Em 1992 eu tinha 15 anos e lia Clarice Lispector como quem bebe água. Assim permaneci até cerca de 18 anos.
Fui admiradora profunda de duas pessoas de cabelos azuis. Um deles apareceu um dia com uma camiseta onde se lia: "I wanna be a gay". Eu não sabia inglês e era bastante confusa com relação à minha sexualidade. Foi ele quem me disse pra desencanar de Clarice e ler outras coisas, que havia escritoras muito melhores que ela. Só porque ele tinha cabelos azuis, ouvi o conselho, mas não imediatamente. Primeiro li bastante e até reli algumas obras como numa despedida.
Fato: desde então, cerca de 13 anos se passaram sem que nunca mais eu tivesse contato com esta escritora que tanto inspirou-me o desejo de escrever.
Há alguns dias vejo na TV um trecho de "De corpo inteiro - entrevistas", filme que brinca entre a ficção e a realidade numa parte do universo desta escritora que eu desconhecia. São várias atrizes interpretando uma Clarice que conversa com escritores, artistas ... até mesmo o Niemeyer. Durante um período de sua vida, ela realmente realizou estas entrevistas publicadas em jornais e revistas numa coluna chamada "Diálogos possíveis com Clarice" e reeditadas no livro "De corpo inteiro". Na verdade não gostei muito do filme, muito embora a idéia seja bem interessante. Com exceção de Aracy Balabanian, que está esplêndida, as outras atrizes não são Clarice e tudo dá uma impressão de artifícios, ao contrário das entranhas expostas que a escritora buscava na sua literatura. Contudo, algumas entrevistas são realmente boas, como a de Ferreira Goulart, Tônia Carreiro e a de Nelson Rodrigues. Tônia diz e concordo: " O que mais interessa na vida é ser amada."
Por causa deste filme voltei a Clarice, começando por "Uma aprendizagem ou o livro dos prazeres". Infelizmente achei o livro bastante desinteressante, salvo algumas passagens que seguem:

"Eu sou mais forte do que eu."

"Temos mantido em segredo a nossa morte para tornar a nossa vida possível."

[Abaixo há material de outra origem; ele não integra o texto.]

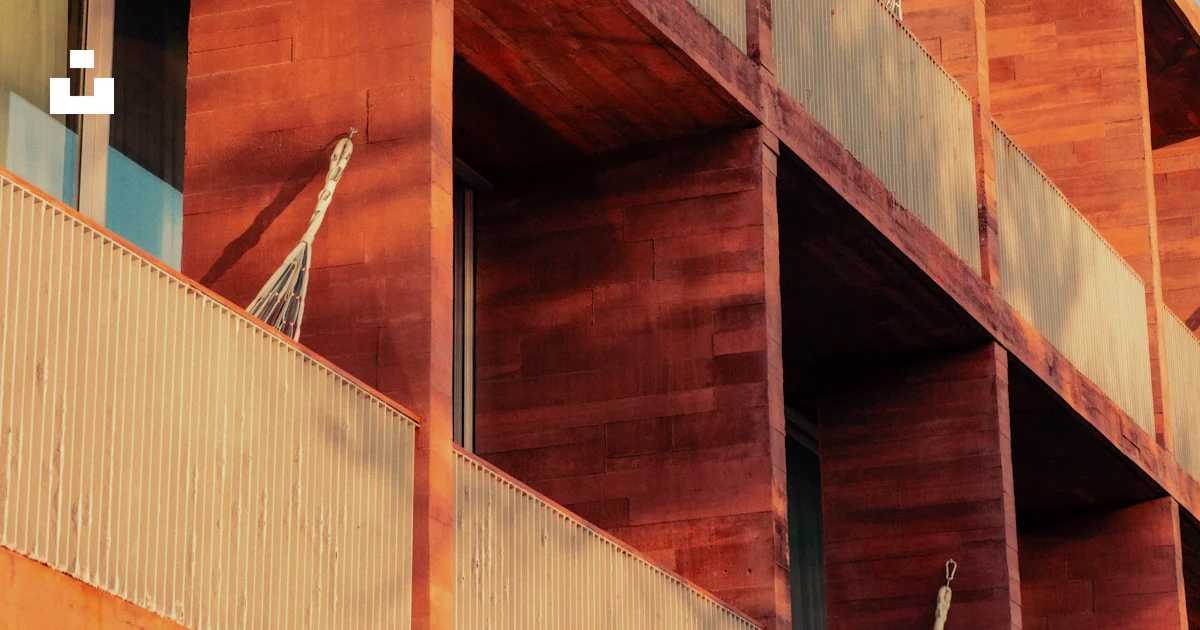 Building Farcade Red concrete building facade with balconies - Free Photo on Unsplash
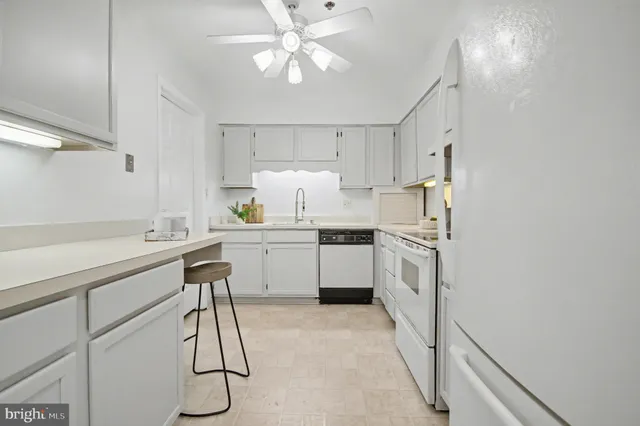 a kitchen with white cabinets and white appliances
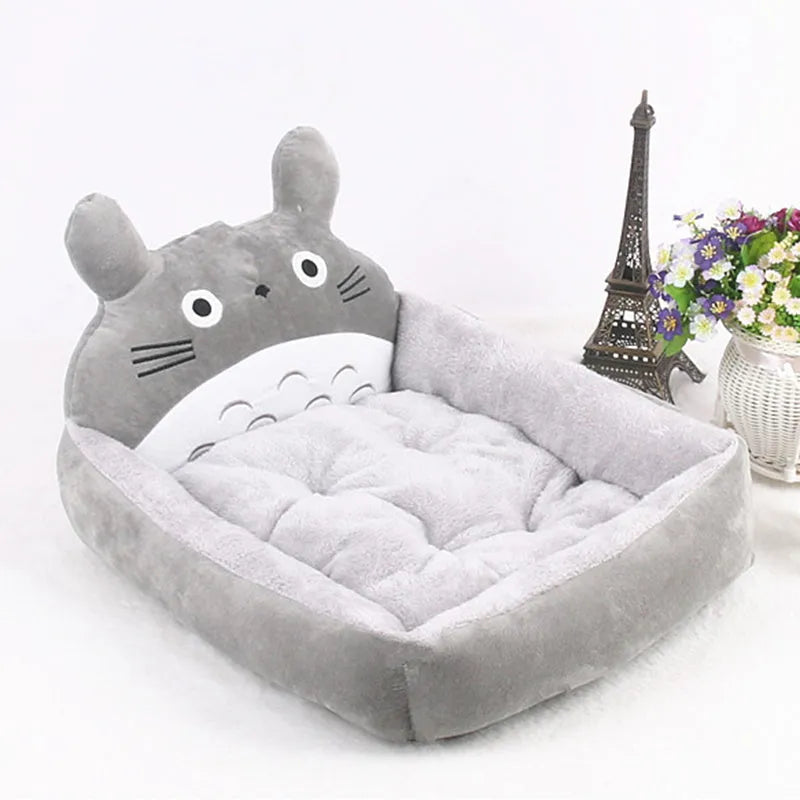 Cartoon-style plush pet sofa bed with a raised rim for a small dog or cat, shown in a blue colour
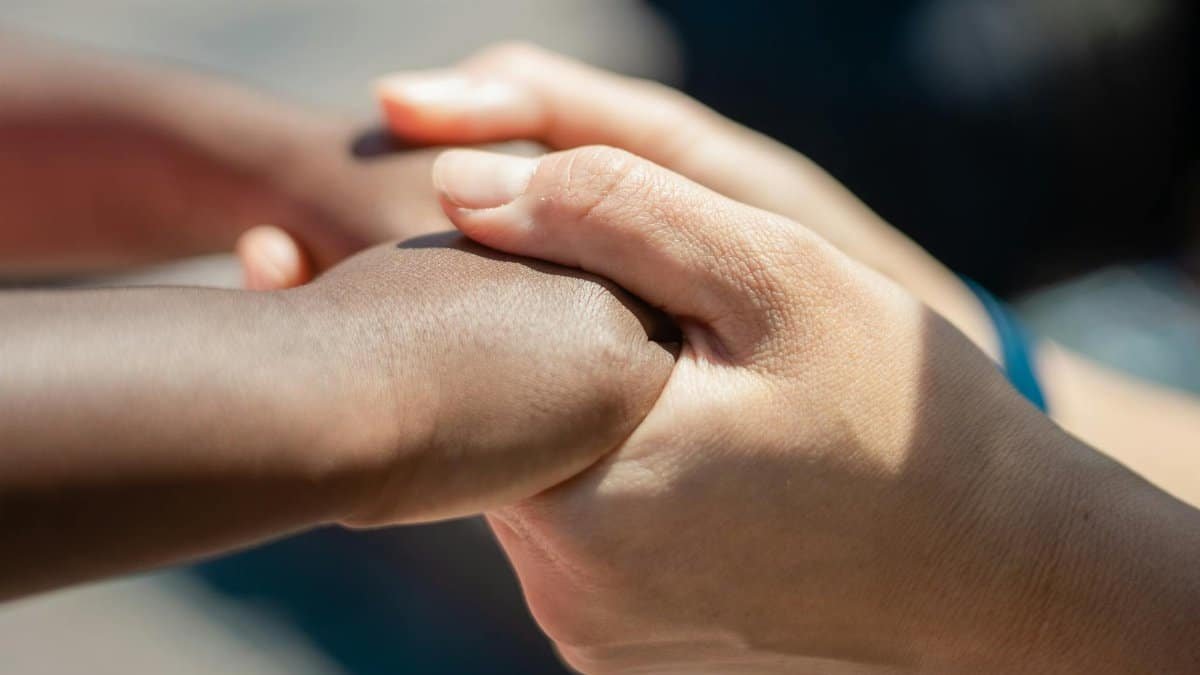 Close-up of diverse hands holding, symbolizing unity and compassion.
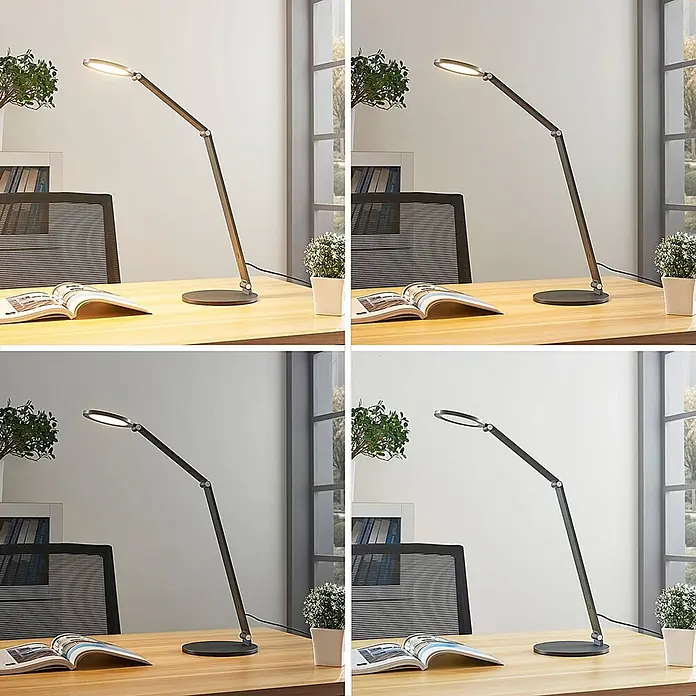 Lucande Tischleuchte Mion - L x B x H: 35 x 18 x 41 cm, alu / grau / zink, alu / grau / zink - Schwarze, verstellbare LED-Schreibtischlampe mit ovalem Leuchtkopf auf hellem Holzschreibtisch.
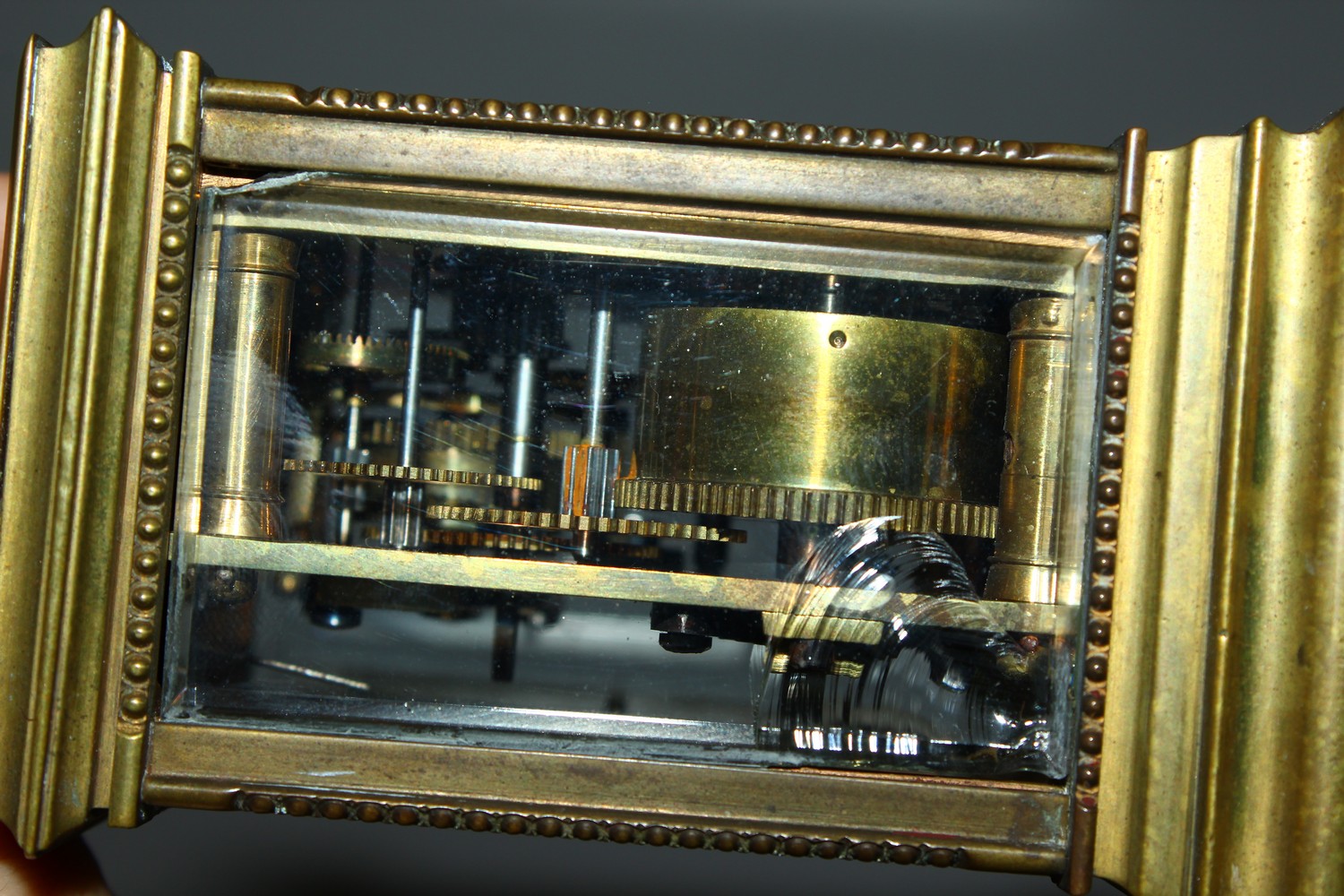 A MINIATURE BRASS CARRIAGE CLOCK, with alarm and subsidiary dial. 12cms high. - Image 3 of 7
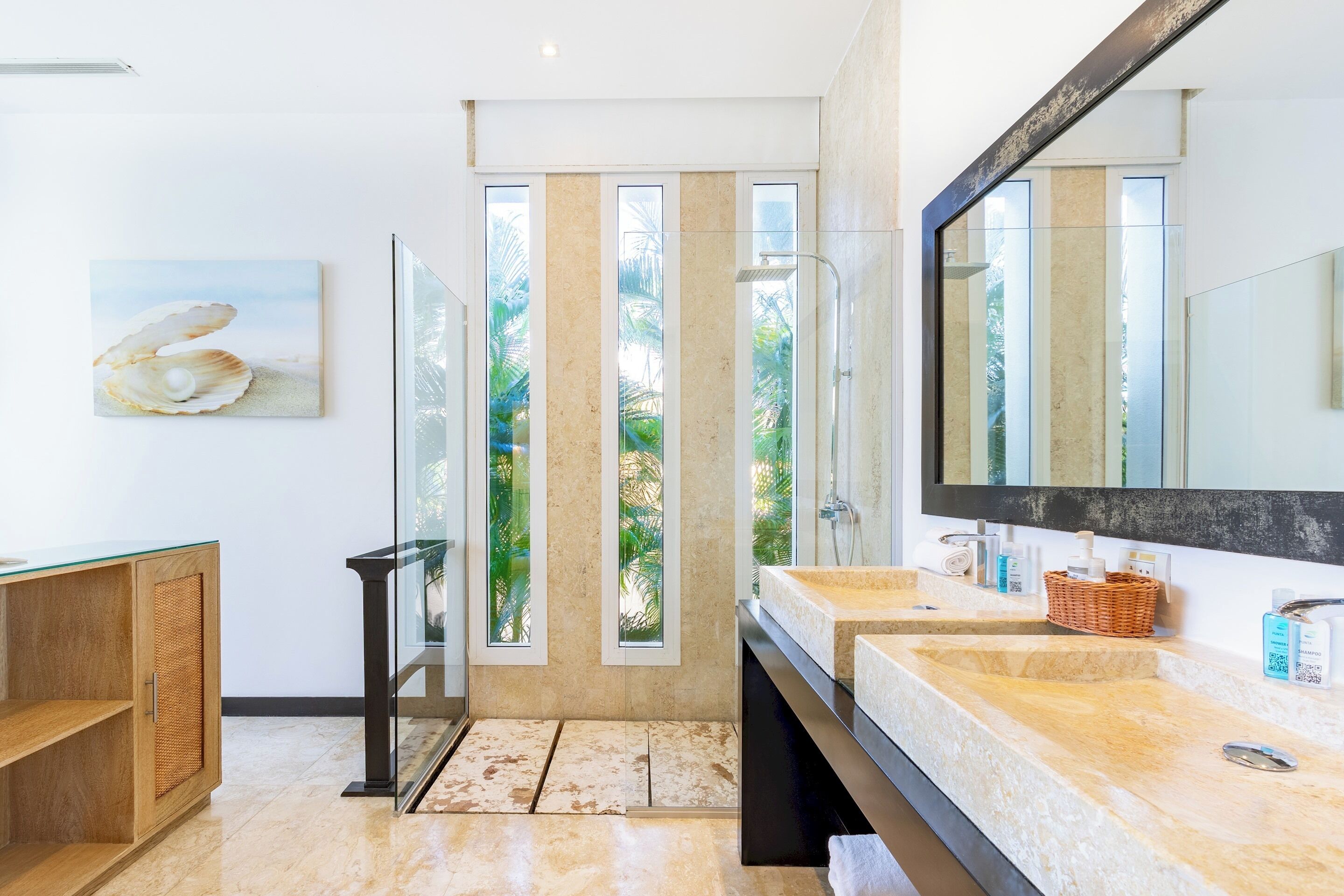 The bathroom has a walk-in shower, two stone sinks, and tall windows with a view of palm trees.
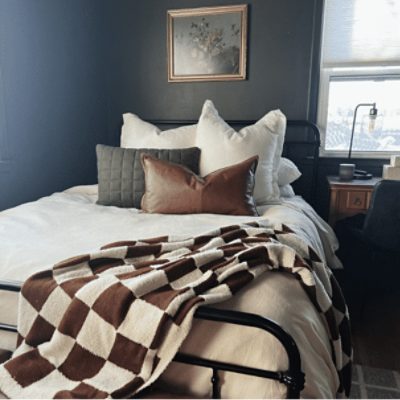 A dark blue painted bedroom with a wrought iron bed with neutral bedding next to a window. Credit: Instagram @mostlywanderinghome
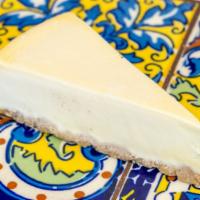 Slice of Cheesecake · Classic cheesecake with a rich, dense, smooth, and creamy consistency.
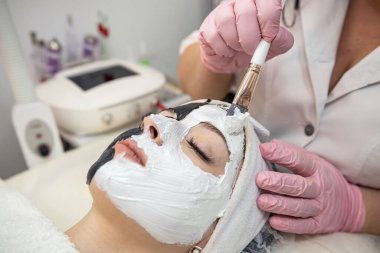 Genç ve güzel bir kadın spa kliniğinde estetik ameliyat oluyor. Deri ve vücut bakımı için yüzünde beyaz maske var. Yaşam biçimi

"Falar no que realmente importa é considerado uma gafe. Não temos adorado por termos a sensata mesquinhez de nos lembrarmos a tempo dos falsos deuses. Não temos sido puros e ingênuos para não rirmos de nós mesmos e para que no fim do dia possamos dizer 'pelo menos não fui tolo' e assim não ficarmos perplexos antes de apagar a luz. Temos sorrido em público do que não sorriríamos quando ficássemos sozinhos. Temos chamadode fraqueza a nossa candura. Temos temido um ao outro, acima de tudo, e a tudo isso consideramos a vitória nossa de cada dia."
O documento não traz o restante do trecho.